Laid out on tarps on either side of the street were tarp after tarp covered in little shrimp drying in the sun.
From the fishing village we Went to lunch in a nice restaurant in the country and like all of them on the tour days, it was set in lush surroundings. On the menu was a cashew shake. I had to give it a try. It's hard to imagine, but it was full of cashew flavour. It was delicious!
We stopped at 2 more temples and then into town for a pit stop at the old market to buy some cashews. The last stop on the tour was the Artisan shop. This was really interesting. It was set up so that each building in the complex had its own specialty. There was wood carving, metal working, silk painting, stone carvings, lacquerware and Cambodian silk. The artisans were there working on their craft so you could watch. There were also signs explaining the steps involved in the process and of course a large gift shop. The handiwork was extremely well done and the prices of most of the items was fairly reasonable.
We did some research online and chose a traditional Khmer massage place. It was the best massages that Dave has ever had. Similar to a Thai massage where the press on your muscles to relax them and then stretch them. The spa was very zen and the staff was professional.
it was getting late and we saw a table of people eating a thin crust pizza, so that's what we had for dinner.
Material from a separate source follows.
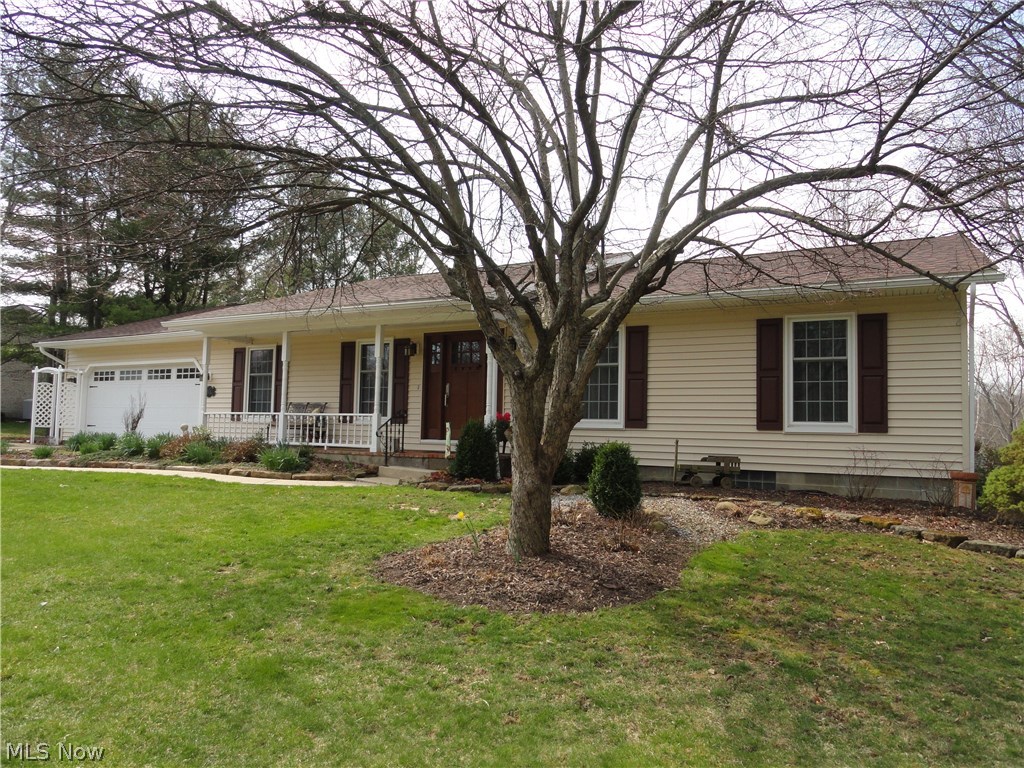 Heather Hills - Residential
It was good. Our table was at the open air railing so we had a view of the street below. Cambodia really gets going at night. All sorts of booths and restaurants and pubs and markets. Lots of neon and noise! From our table we could observe the food carts below. They have something new here. It's a food cart with a round pizza pan shaped freezing area for making ice cream rolls. You can choose 2 flavours like banana and Nutella. The bananas are thinly sliced and mashed using what looks like 2 wide putty knives. Then they pour on some milk with a little eagle brand and mix this together with a chopping of the putty knives. It's like playing the drums, rat a tat tat, mix, rat a tat tat and eventually spread it out in a thin layer. They use the putty knive to scrape it off the freezing tray, which causes it to roll up. It's quite the show and costs $2.50 US. Delicious! A guy came and moved his cart in between these ice cream carts. He was selling fried tarantulas, cockroaches and I don't know what else. I didn't see any takers, so he moved on.
It was a really interesting and fun day.